SSH will only pass environment variables that start with LC_ (locale) so to get it passed with minimal effort, we use that prefix.

Shim Usage Notes

This method of notification does require some user environment setup. The user environment needs to the LD_PRELOAD environment variable set prior to launch of the process. Complications that remain as we have been testing for two years since the shim library was first implemented:

if we want to notice files created by remote scp processes (which create non-login shells) then the environment hook must be in .bashrc. and using an environment variable that starts with LC_ to have ssh transmit the configuration value without having to modify sshd configuration in typical linux distributions. ( full discussion: https://github.com/MetPX/sarrac/issues/66 )
code that has certain weaknesses, such as in FORTRAN a lack of IMPLICIT NONE https://github.com/MetPX/sarracenia/issues/69 may crash when the shim library is introduced. The correction needed in those cases has so far been to correct the application, and not the library. ( also: https://github.com/MetPX/sarrac/issues/12 )
codes using the exec call ot tcl/tk, by default considers any output to file descriptor 2 (standard error) as an error condition. these notification messages can be labelled as INFO, or WARNING priority, but it will cause the tcl caller to indicate a fatal error has occurred. Adding -ignorestderr to invocations of exec avoids such unwarranted aborts.
Complex shell scripts can experience an inordinate performance impact. Since high performance shell scripts is an oxymoron, the best solution, performance-wise is to re-write the scripts in a more efficient scripting language such as python ( https://github.com/MetPX/sarrac/issues/15 )
Code bases that move large file hierarchies (e.g. mv tree_with_thousands_of_files new_tree ) will see a much higher cost for this operation, as it is implemented as a renaming of each file in the tree, rather than a single operation on the root. This is currently considered necessary because the accept/reject pattern matching may result in a very different tree on the destination, rather than just the same tree mirrored. See below for details.
export SR_SHIMDEBUG=1 will get your more output than you want. use with care.

Rename Processing

It should be noted that file renaming is not as simple in the mirroring case as in the underlying operating system. While the operation is a single atomic one in an operating system, when using notifications, there are accept/reject cases that create four possible effects.

	old name is:
New name is:	Accepted	Rejected
Accepted	rename	copy
Rejected	remove	nothing

When a file is moved, two notifications are created:

One notification has the new name in the relpath, while containing and oldname field pointing at the old name.
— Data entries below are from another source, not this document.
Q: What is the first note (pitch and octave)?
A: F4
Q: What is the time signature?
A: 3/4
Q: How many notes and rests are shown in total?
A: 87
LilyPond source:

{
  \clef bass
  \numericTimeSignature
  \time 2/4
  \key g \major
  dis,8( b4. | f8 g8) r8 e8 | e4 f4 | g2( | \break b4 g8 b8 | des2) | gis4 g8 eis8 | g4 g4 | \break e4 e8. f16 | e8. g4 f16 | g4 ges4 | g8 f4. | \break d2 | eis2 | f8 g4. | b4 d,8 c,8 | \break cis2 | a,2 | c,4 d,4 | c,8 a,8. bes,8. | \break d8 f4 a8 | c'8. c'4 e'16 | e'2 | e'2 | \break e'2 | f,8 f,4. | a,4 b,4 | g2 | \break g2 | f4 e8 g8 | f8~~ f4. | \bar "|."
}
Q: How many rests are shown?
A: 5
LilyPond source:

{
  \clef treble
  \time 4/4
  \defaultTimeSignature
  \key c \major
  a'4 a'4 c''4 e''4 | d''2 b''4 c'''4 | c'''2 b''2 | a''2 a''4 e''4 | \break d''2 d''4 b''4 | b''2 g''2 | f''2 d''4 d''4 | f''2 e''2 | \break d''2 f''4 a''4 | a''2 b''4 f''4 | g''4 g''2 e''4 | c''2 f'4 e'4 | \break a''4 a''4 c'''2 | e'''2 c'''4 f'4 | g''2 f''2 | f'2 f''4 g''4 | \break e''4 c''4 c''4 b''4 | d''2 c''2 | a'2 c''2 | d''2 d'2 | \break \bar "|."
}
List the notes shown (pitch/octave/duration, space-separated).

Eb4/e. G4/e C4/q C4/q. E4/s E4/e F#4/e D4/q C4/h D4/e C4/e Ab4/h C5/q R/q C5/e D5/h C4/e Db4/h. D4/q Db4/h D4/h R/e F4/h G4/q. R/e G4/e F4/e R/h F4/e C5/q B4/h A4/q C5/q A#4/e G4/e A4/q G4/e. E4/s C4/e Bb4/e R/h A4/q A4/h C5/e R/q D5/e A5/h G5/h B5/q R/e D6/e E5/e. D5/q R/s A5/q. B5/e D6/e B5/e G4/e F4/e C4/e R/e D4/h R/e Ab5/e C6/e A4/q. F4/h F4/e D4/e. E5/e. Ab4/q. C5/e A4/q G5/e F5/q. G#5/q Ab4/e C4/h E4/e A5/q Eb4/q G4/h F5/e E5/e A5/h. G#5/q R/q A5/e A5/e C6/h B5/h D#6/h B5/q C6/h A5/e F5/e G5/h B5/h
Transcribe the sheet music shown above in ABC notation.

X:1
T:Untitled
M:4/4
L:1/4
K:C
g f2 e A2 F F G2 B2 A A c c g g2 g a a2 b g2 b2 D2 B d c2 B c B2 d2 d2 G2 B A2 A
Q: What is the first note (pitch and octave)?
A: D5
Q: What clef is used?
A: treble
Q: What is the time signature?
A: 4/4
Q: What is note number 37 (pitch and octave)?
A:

This will trigger activities in the top half of the table, either a rename, using the oldname field, or a copy if it is not present

at the destination.
A second notification with the oldname in relpath which will be accepted again, but this time it has the newname field, and process the remove action.

While the renaming of a directory at the root of a large tree is a cheap atomic operation in Linux/Unix, mirroring that operation requires creating a rename posting for each file in the tree, and thus is far more expensive.